Based on our previous experience with border enforcement, migration management, and immigration politics, our motivation for inviting this series of essays arose from some fundamental questions: Are hotspots built and institutionalised or mobile and temporary? Are they de facto detention centres or open accommodation facilities? Do hotspots serve as transit zones, channelling migrants to other facilities and repatriation? Are they long term residential or short term processing facilities? Are they closed or open? Who manages hotspot facilities and with what authority? Who provides care, infrastructure, and legal aid? Do hotspots institutionalise new governmental and socio-technical arrangements, or do they rebrand existing practices? How do their location on islands create additional layers of confinement and limitations to movement? What aspirations, visions, and rationalities do various state and non-state actors invest in hotspots, as places and as concepts?

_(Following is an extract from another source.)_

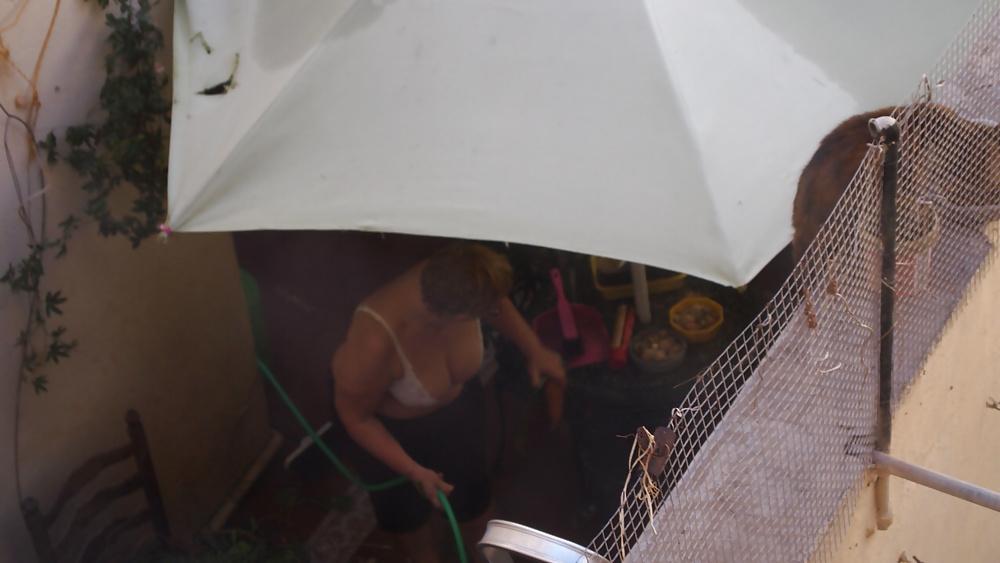 21P Mature busty neighbor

Generally speaking, hotspots are processing centres, specifically aimed at enforcing Dublin Agreement and ‘streamlining’ asylum processing. The European Asylum Support Office (EASO), EU Judicial Cooperation Agency (Eurojust), and EU Border Agency (FRONTEX) work with national immigration agencies to screen asylum applicants, take their fingerprints, verify identity, and render asylum decisions in cooperation with national asylum law. As the essays show, they have sometimes worked like closed detention centres, and asylum officers routinely render asylum decisions on the basis of nationality, rather than individual circumstances. The hotspot approach is also an EU response to perceived refusal/inability to comply with the Dublin agreement, and so hotspots also enforce intergovernmental surveillance (Garelli and Tazzioli 2016). That is, the hotspot is also a model of intergovernmental cooperation and compliance, eliciting and requiring legibility between national and intergovernmental agencies. For Italian and Greek governments, hotspots both oversee and harmonise.

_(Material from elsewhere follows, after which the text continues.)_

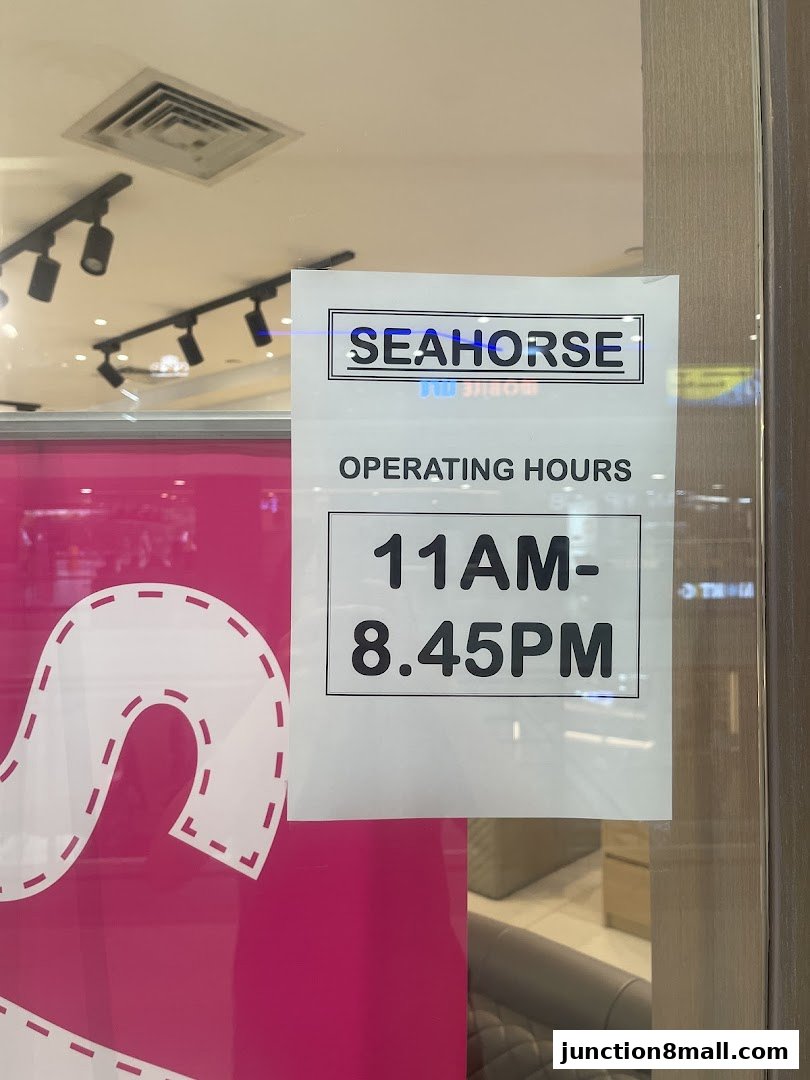 A sign displaying the operating hours for Seahorse Junction 8.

The essays collected here gather current, ongoing research on EU hotspot processing centres’ implementation and each provides rich ethnographic detail to analyse hotspots from different angles. This diversity reveals not only the sophistication of research on political geographies of migration, but also the ways in which hotspot centres are reorganising the infrastructure, legal geographies, and politics of asylum and migration in Europe. In this sense, these essays engage with the politics of asylum and migration globally, particularly debates around the reconfiguration of the spatialities of sovereignty, state power, biopolitics, law, and subjectivity. Last year, Environment and Planning D: Society and Space published a collection of this research as a virtual theme issue on “International Migration.” Those articles are still free and open to all, and this essay series extends that conversation, showing the continued importance of critique, ethnographic detail, and timely, and open source research on the politics of human mobility.